FIG. 6B provides data results for the correlation of RVSP based on interpolation vs. mean pulmonary arterial pressure measured by RHC in accordance with various embodiments.

FIG. 7 provides data results using a correction factor for isovolumic and ejection phase in accordance with various embodiments. Upper Left: Correction factor for isovolumic phase based on the derivation and validation cohort. Upper Right: Correction factor for the ejection phase interpolation based on the derivation and validation cohort. Lower Left: Absolute corrected interpolation difference with RHC. Lower Right: Relative corrected interpolation difference with RHC.

FIGS. 8A and 8B provide results of testing of interpolation method in the outlier cohort of clinical readings in accordance with various embodiments. FIG. 8A: Violin plot comparing corrected interpolation differences across clinical report, knee point, and corrected isovolumic and ejection phases absolute (left) and relative (right). FIG. 8B Left: Underestimated RVSP was corrected by the knee interpolation in n=7. FIG. 8B Right: Overestimated RVSP was corrected by the knee interpolation in n=5.
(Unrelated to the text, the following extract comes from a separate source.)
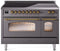 ILVE Nostalgie II 48-Inch Freestanding Electric Induction Range in Matte Graphite with Brass Trim (UPI486NMPMGG)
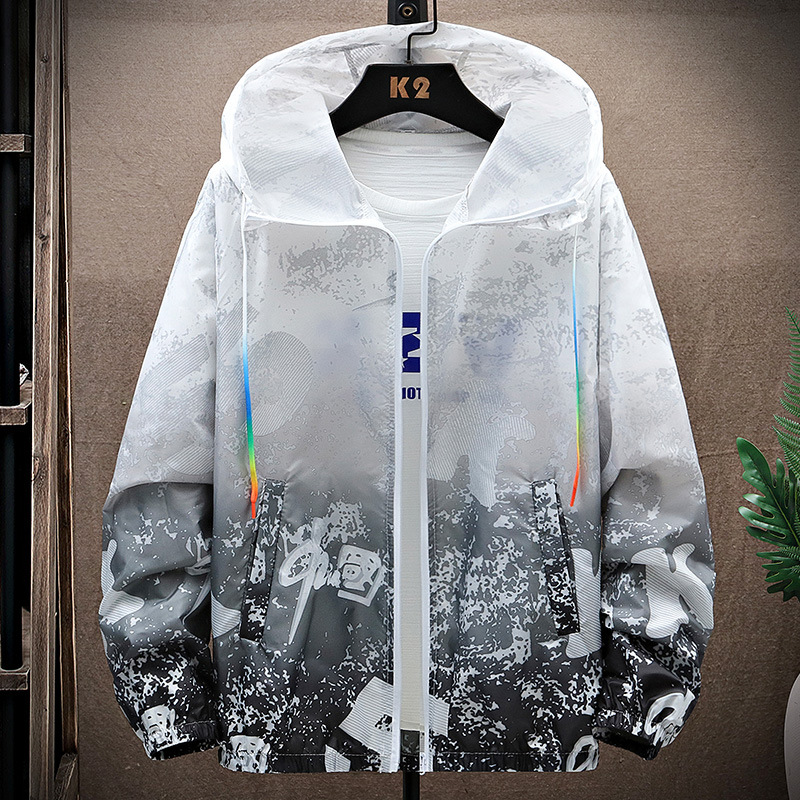 (2개) 야외 후드 썬 보호 의류 커플 스킨 의류 트렌치 코트 남성 청소년 울트라 얇은 통기성 패션 낚시 의류 태양 보호 의류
FIG. 9 provides correlation of of interpolation method estimated pressure and echo measured RVSP in a non-PAH cohort in accordance with various embodiments. The method estimates RVSP well in both the subgroup of patients with and without PH.

DETAILED DESCRIPTION

Turning now to the drawings and data, various methods and systems for noninvasive estimation of right ventricular pressure signals utilizing cubic polynomial interpolation of tricuspid regurgitation (TR) Doppler signal are described in accordance with various embodiments. In several embodiments, right ventricular pressure is estimated for the diagnosis of pulmonary hypertension. In many embodiments, estimation of right ventricular pressure utilizes TR echocardiography Doppler signal acquired via sonography. In several embodiments, TR Doppler signal is digitized, ventricular physiological phases are identified, and the digitized Doppler signal is interpolated utilizing the physiological phase points. In many embodiments, interpolated TR Doppler signal is utilized to estimate maximal velocity of the TR. In several embodiments, the estimated maximal velocity is utilized to calculate right ventricular systolic pressure. In some embodiments, the right ventricular pressure is calculated from the maximal velocity via the Bernoulli equation.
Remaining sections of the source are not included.